Supplied records:
-----

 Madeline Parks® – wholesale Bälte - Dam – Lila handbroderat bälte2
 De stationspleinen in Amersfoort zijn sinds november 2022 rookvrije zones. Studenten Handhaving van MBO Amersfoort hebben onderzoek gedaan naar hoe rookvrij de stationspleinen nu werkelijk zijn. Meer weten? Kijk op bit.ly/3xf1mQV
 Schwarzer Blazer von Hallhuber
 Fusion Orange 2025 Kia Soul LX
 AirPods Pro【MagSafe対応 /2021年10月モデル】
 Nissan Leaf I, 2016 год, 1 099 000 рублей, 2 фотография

-----

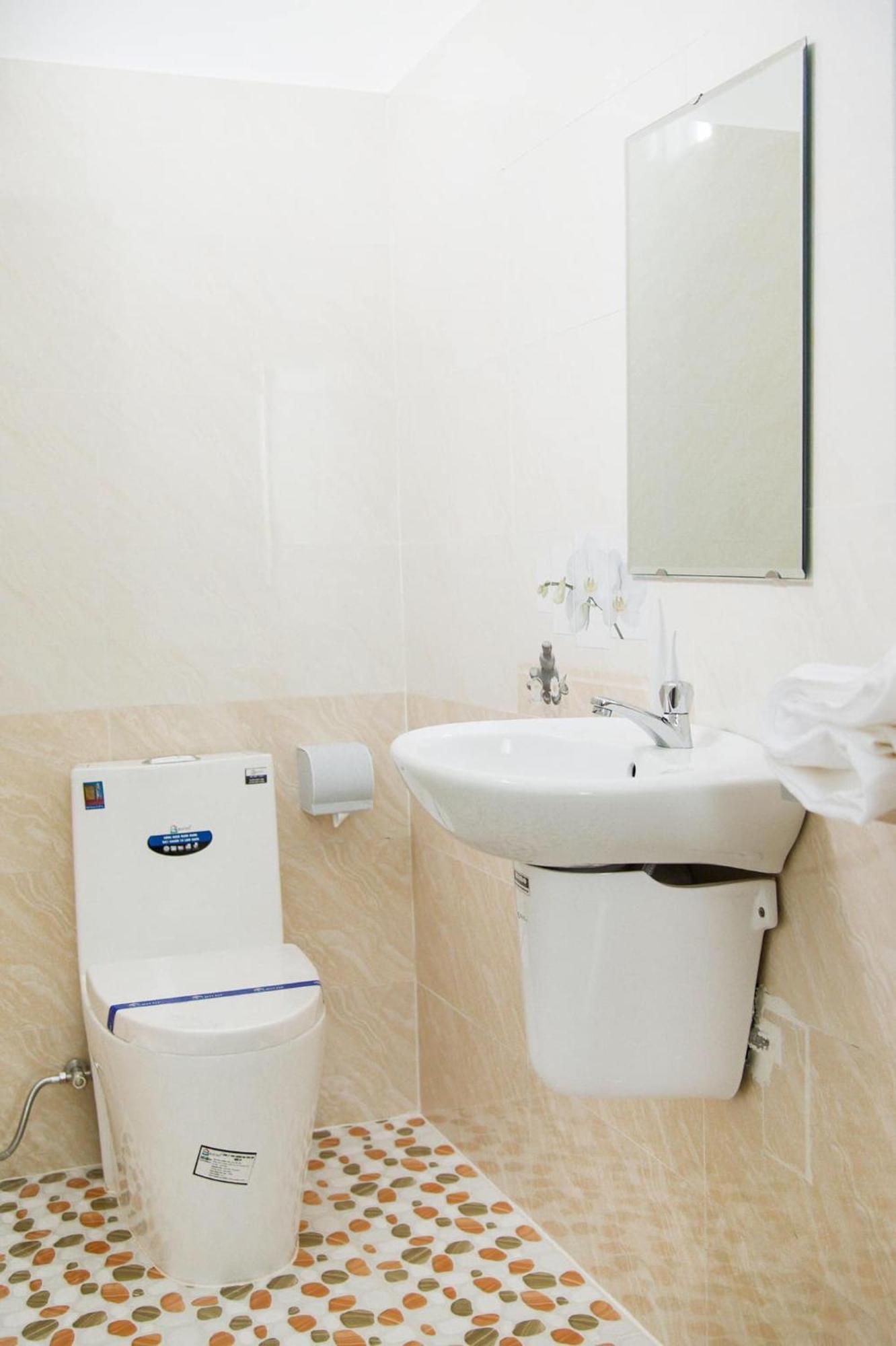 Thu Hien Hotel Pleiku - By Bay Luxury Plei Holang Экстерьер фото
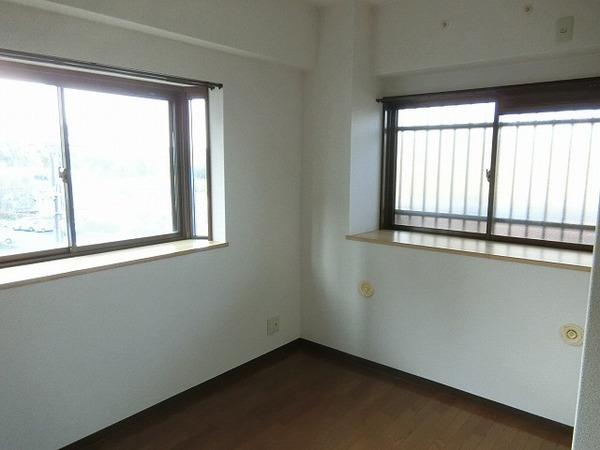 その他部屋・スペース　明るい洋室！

-----

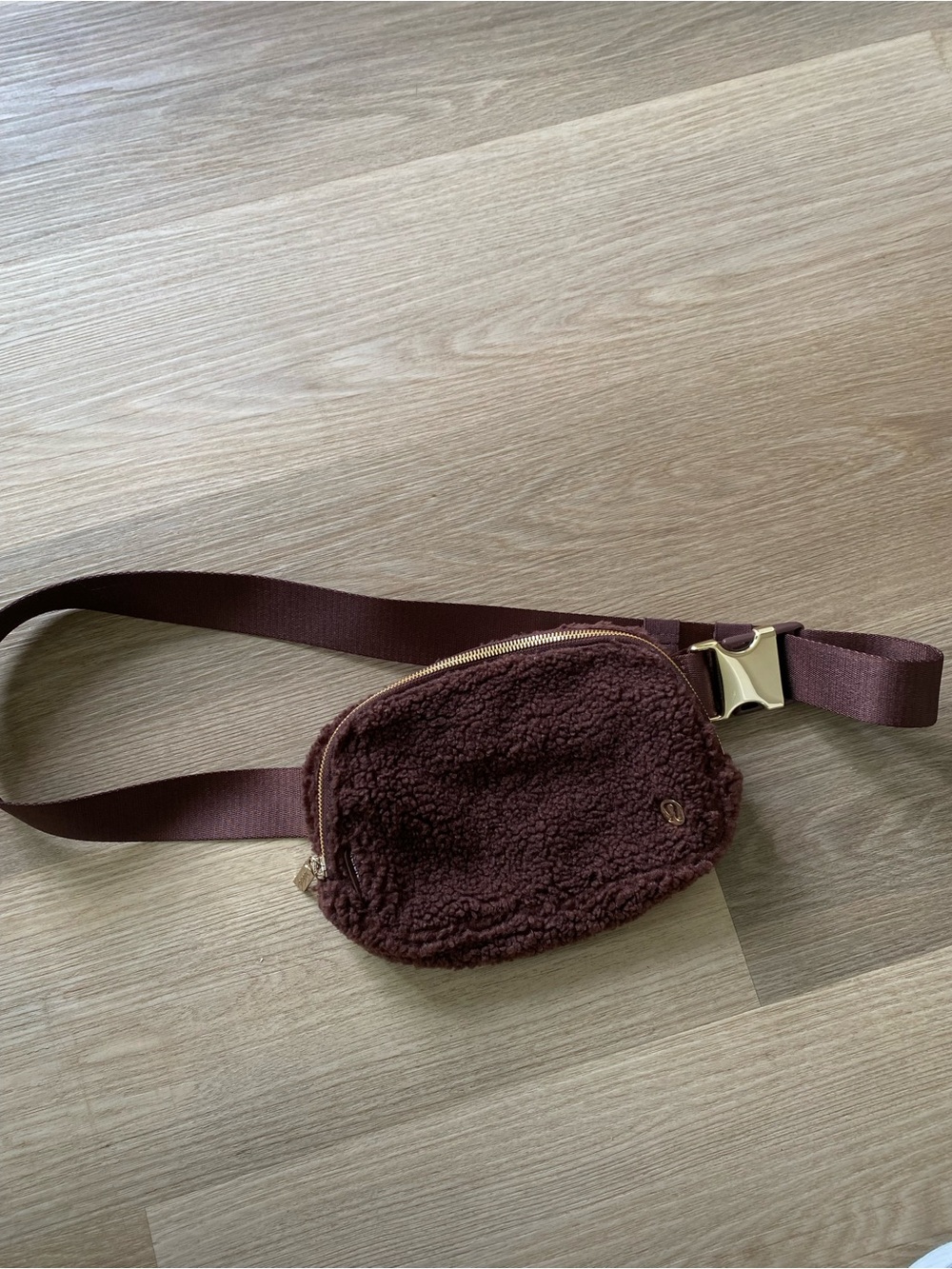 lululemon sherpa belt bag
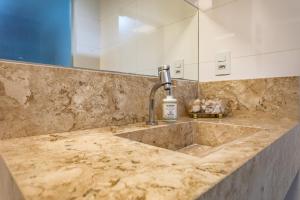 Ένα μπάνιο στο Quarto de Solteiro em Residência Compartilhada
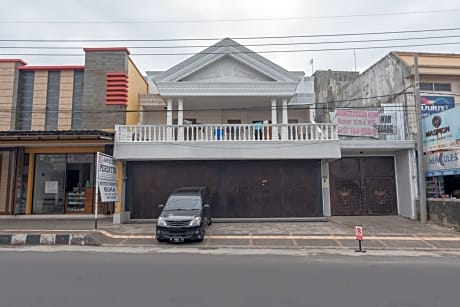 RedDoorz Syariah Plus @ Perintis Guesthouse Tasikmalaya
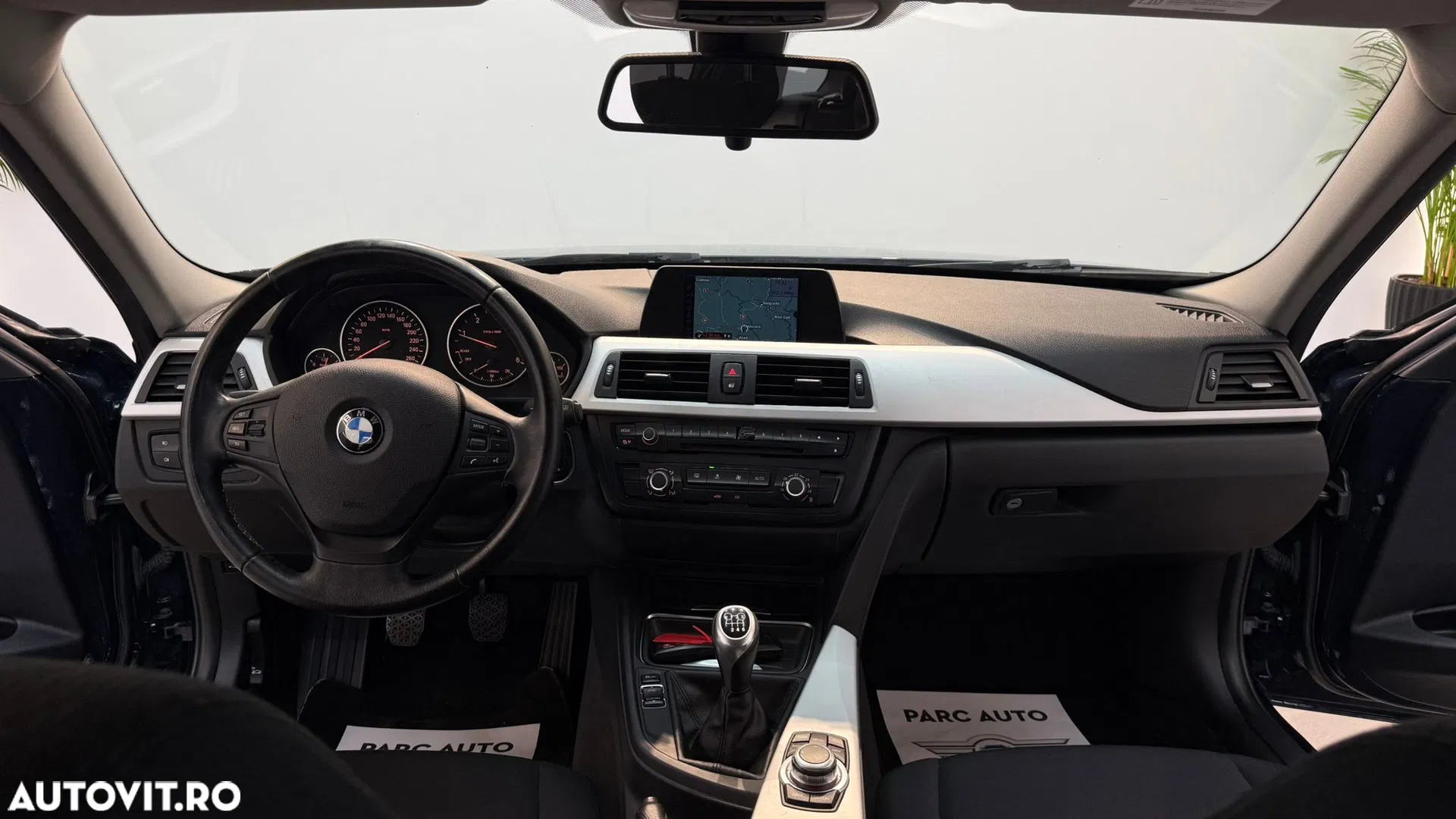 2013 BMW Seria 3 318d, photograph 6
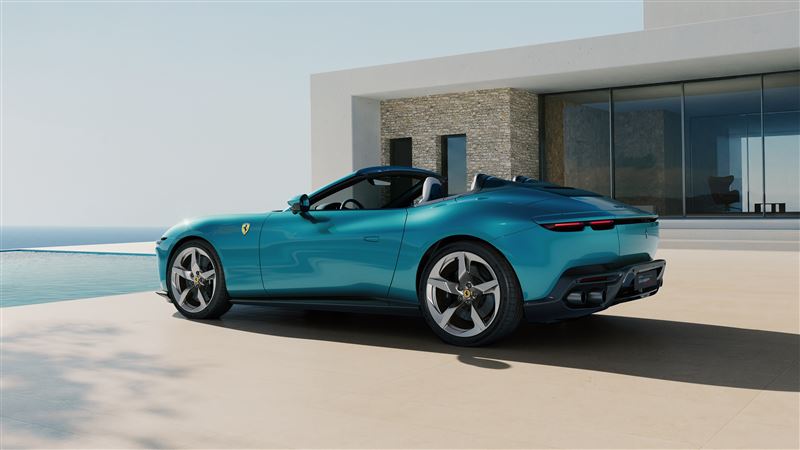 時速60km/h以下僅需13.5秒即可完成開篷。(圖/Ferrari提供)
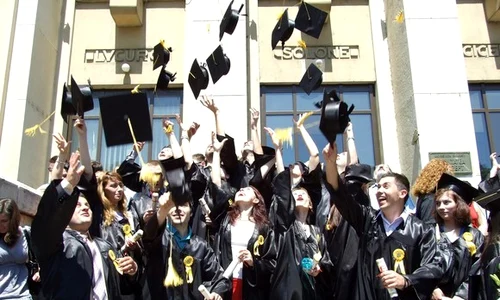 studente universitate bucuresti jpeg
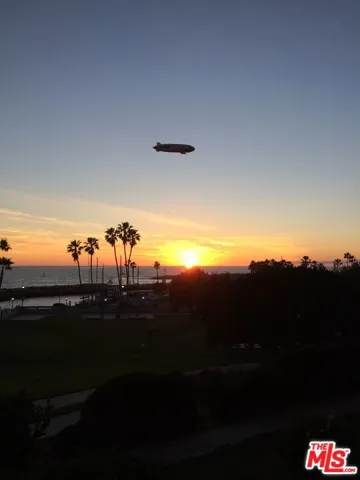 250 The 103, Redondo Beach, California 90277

-----

Problem statement: Restate word for word the lines of the data above, starting at the line containing "Madeline Parks® –" and ending at the line containing "Nissan Leaf I, 2016", both included, and nothing more.

Answer below:
 Madeline Parks® – wholesale Bälte - Dam – Lila handbroderat bälte2
 De stationspleinen in Amersfoort zijn sinds november 2022 rookvrije zones. Studenten Handhaving van MBO Amersfoort hebben onderzoek gedaan naar hoe rookvrij de stationspleinen nu werkelijk zijn. Meer weten? Kijk op bit.ly/3xf1mQV
 Schwarzer Blazer von Hallhuber
 Fusion Orange 2025 Kia Soul LX
 AirPods Pro【MagSafe対応 /2021年10月モデル】
 Nissan Leaf I, 2016 год, 1 099 000 рублей, 2 фотография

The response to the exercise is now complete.